The Moonstone by Wilkie Collins (10 ebook reader .TXT) 📕
Description
The “Moonstone” of the title is a large but flawed diamond, looted from India at the time of the Mutiny by an unscrupulous British officer. Many years later, estranged from his family due to his licentious lifestyle, the officer bequeaths the diamond to his sister’s daughter, Rachel Verrinder, to be given to her on her 18th birthday. Due to the ill-omens surrounding the gem, this may have been an act of revenge rather than reconciliation. The diamond, it appears, was taken from a statue of the Moon God worshipped by a Hindu cult, and it has long been sought by a group of Brahmins determined to return it to their temple.

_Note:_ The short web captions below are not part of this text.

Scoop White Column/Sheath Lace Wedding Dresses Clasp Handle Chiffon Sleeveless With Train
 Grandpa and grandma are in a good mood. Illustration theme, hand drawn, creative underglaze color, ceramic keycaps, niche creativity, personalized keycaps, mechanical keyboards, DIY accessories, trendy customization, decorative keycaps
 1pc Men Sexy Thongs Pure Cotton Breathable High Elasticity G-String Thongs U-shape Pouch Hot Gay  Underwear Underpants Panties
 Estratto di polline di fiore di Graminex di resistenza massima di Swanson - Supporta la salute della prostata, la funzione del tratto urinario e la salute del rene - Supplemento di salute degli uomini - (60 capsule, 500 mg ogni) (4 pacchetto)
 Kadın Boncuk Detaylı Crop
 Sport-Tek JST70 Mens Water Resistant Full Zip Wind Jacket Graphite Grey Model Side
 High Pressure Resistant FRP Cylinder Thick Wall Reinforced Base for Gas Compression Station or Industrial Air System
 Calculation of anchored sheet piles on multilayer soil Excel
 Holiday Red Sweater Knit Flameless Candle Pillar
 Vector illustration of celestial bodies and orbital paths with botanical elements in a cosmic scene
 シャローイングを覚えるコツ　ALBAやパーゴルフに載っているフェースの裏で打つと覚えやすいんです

On the night of the birthday party the gem mysteriously disappears from Rachel’s room. While the first suspicions naturally fall on these Indians, they are eventually exculpated. Rachel becomes hysterical and angry when questioned about the theft and refuses to assist the police. Active efforts to assist them are taken up by Rachel’s cousin (and sweetheart) Franklin Blake. These efforts simply drive Rachel into further fury, and she becomes completely estranged from him. Suspicion thus falls on her as having some secret reason for wishing to raise money on the diamond. The novel proceeds to slowly uncover the mysteries involved.
Published in 1868, The Moonstone is often considered as one of the precursors of the modern detective novel, though this is a label which would not have been used by its author Wilkie Collins and his contemporaries. While it is true that the plot revolves around the mystery of a theft, and that it features Sergeant Cuff “in the Detective Force of Scotland Yard,” the novel is much more about character and relationships than the mere revelation of secrets. It also has a good dose of Collins’ humour, as the story is told in large part by eccentric characters such as the old house-steward Gabriel Betteredge who regards Robinson Crusoe as an oracle; and the ultra-religious Miss Clack, determined to convert everyone to her views.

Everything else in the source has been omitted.